Get a good flash for filling in shadows, And post-process the RAW's to your tastes.

If there is any posed photos during the event, get a scrim and use it to soften the light above there head. It will get a basic Rembrandt light and looks great. Much simpler than multiple flash setups.


----------



## Marsu42 (Jul 2, 2012)

bdunbar79 said:


> Marsu42 said:
> 
> 
> > ... highlight recovery +100, shadows +100
> ...



Actually, there's a good way even around this: As long as there's any data to recover in highlights and shadows, you can try single image exposure fusion: make 2 virtual copies +-2ev or +-1.5ev, then re-combine them in Photomatrix or with enfuse.

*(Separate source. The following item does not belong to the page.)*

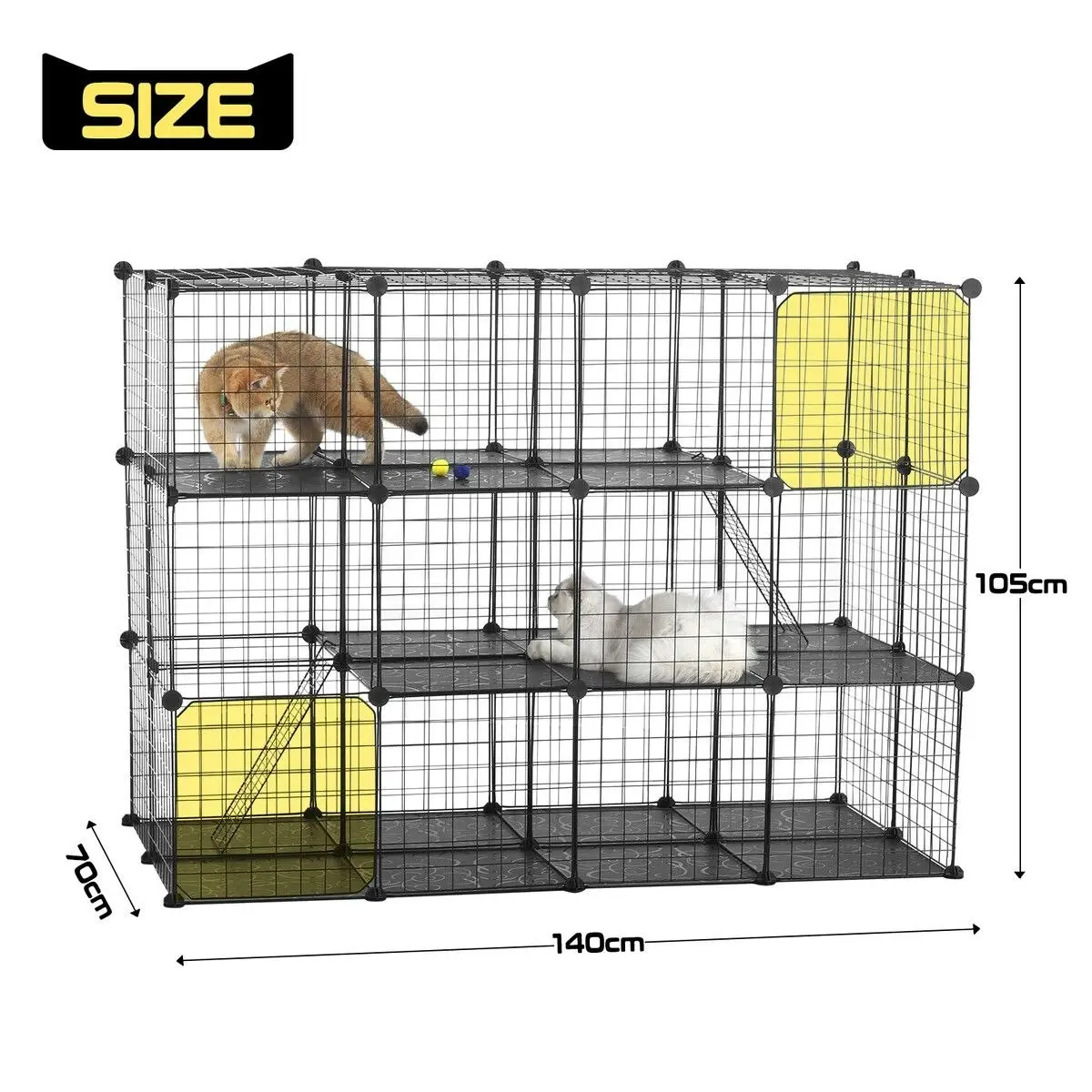 Pet Scene Cat Cage DIY Enclosure Pet Crate Rabbit Hutch  Kitty Kennel Bunny Ferret Home Playpen Detachable Metal Wire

I hope Lightroom 5 will have this procedure built-in, very handy, you can even do batch processing this way.


----------



## briansquibb (Jul 2, 2012)

RLPhoto said:


> bdunbar79 said:
> 
> 
> > Does anybody here ever have to shoot events during the day, such as between 10am and 3pm? I did yesterday and due to the sun, I missed so many potentially great shots, taken otherwise in proper lighting (morning or evening). Does this frustrate anyone? Sorry I'm just venting
> ...



Cant get much simpler than 1 off camera, 1 on shoe plus of course the sun


----------



## RLPhoto (Jul 2, 2012)

briansquibb said:


> RLPhoto said:
> 
> 
> > bdunbar79 said:
> ...



I suppose. A Large 60" Scrim can do wonders to soften patched light or harsh direct over head light into stunning light that gives large catchlights in the eyes. Its like carrying a 60" soft box with you. ;D


----------



## briansquibb (Jul 2, 2012)

RLPhoto said:


> briansquibb said:
> 
> 
> > RLPhoto said:
> ...



Hope it isn't windy


----------



## RLPhoto (Jul 2, 2012)

briansquibb said:


> RLPhoto said:
> 
> 
> > briansquibb said:
> ...



Hope you carry sandbags.


----------



## briansquibb (Jul 2, 2012)

RLPhoto said:


> briansquibb said:
> 
> 
> > RLPhoto said:
> ...



No need when using flash


----------



## RLPhoto (Jul 2, 2012)

briansquibb said:


> RLPhoto said:
> 
> 
> > briansquibb said:
> ...



Windy day + Flash on Stand = Bad Day for your Flash.


----------



## briansquibb (Jul 2, 2012)

RLPhoto said:


> briansquibb said:
> 
> 
> > RLPhoto said:
> ...



Not in my experience - but a 60inch scrim will be off like a kite


----------



## RLPhoto (Jul 2, 2012)

briansquibb said:


> RLPhoto said:
> 
> 
> > briansquibb said:
> ...



As long as you dont plan to do anything to soften your flash.


----------



## briansquibb (Jul 2, 2012)

RLPhoto said:


> briansquibb said:
> 
> 
> > RLPhoto said:
> ...



I guess that is where experience kicks in 

How you think people shoot flash outdoors in all weathers?


----------



## RLPhoto (Jul 2, 2012)

briansquibb said:


> RLPhoto said:
> 
> 
> > briansquibb said:
> ...



From Experience, Its usually with a HEAVY SANDBAG Weighting down a Soft box or umbrella to modify the light from the flash to get nice, soft light.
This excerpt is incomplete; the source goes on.